Print the line that has "Fotografia d epoca" in it, then every remaining line of the data, exactly and without anything extra.

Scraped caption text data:
===============

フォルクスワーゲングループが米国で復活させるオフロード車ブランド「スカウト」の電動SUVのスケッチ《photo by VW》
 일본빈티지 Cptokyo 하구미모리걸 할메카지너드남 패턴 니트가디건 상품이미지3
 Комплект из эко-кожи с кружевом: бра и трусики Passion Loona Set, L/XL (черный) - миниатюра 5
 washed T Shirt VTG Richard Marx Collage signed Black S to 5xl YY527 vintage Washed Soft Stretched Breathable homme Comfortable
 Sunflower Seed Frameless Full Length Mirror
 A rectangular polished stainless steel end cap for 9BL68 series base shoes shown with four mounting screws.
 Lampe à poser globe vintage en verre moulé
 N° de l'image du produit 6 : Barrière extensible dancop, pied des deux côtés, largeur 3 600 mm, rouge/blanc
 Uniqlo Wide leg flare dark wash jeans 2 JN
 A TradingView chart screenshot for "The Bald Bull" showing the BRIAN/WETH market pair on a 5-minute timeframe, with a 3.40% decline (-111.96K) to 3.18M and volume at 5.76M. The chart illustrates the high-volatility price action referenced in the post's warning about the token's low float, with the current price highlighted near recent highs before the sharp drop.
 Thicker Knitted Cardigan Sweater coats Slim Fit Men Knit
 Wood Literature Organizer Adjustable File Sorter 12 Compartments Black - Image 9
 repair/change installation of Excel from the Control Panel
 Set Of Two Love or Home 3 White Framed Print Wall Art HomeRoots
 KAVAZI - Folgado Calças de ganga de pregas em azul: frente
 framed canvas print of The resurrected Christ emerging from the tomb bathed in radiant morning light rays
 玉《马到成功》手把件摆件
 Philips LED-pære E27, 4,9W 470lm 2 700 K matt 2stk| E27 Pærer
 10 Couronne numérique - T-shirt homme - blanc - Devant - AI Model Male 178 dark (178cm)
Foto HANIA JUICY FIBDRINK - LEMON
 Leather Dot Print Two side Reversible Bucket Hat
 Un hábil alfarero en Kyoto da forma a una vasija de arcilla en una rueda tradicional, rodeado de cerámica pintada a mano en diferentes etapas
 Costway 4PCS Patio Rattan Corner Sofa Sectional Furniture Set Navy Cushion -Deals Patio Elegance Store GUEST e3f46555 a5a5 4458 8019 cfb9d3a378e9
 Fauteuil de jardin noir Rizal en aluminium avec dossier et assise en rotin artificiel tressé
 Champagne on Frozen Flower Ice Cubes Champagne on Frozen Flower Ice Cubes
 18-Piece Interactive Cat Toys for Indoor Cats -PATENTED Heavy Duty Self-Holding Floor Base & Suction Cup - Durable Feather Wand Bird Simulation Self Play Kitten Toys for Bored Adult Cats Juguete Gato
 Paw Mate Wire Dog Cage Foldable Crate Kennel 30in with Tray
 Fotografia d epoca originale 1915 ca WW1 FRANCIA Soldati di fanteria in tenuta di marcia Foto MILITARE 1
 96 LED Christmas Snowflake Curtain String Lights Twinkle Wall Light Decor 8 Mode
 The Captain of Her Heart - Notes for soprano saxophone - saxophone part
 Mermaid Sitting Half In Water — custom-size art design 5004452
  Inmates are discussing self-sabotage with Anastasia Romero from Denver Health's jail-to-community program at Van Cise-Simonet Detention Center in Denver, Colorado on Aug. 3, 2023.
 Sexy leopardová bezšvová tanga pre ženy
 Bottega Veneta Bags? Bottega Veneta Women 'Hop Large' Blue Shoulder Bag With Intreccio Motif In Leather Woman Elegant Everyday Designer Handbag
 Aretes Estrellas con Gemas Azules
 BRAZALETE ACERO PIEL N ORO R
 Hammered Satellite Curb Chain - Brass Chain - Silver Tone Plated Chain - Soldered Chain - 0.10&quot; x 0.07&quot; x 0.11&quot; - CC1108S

===============

Written solution:
 Fotografia d epoca originale 1915 ca WW1 FRANCIA Soldati di fanteria in tenuta di marcia Foto MILITARE 1
 96 LED Christmas Snowflake Curtain String Lights Twinkle Wall Light Decor 8 Mode
 The Captain of Her Heart - Notes for soprano saxophone - saxophone part
 Mermaid Sitting Half In Water — custom-size art design 5004452
  Inmates are discussing self-sabotage with Anastasia Romero from Denver Health's jail-to-community program at Van Cise-Simonet Detention Center in Denver, Colorado on Aug. 3, 2023.
 Sexy leopardová bezšvová tanga pre ženy
 Bottega Veneta Bags? Bottega Veneta Women 'Hop Large' Blue Shoulder Bag With Intreccio Motif In Leather Woman Elegant Everyday Designer Handbag
 Aretes Estrellas con Gemas Azules
 BRAZALETE ACERO PIEL N ORO R
 Hammered Satellite Curb Chain - Brass Chain - Silver Tone Plated Chain - Soldered Chain - 0.10&quot; x 0.07&quot; x 0.11&quot; - CC1108S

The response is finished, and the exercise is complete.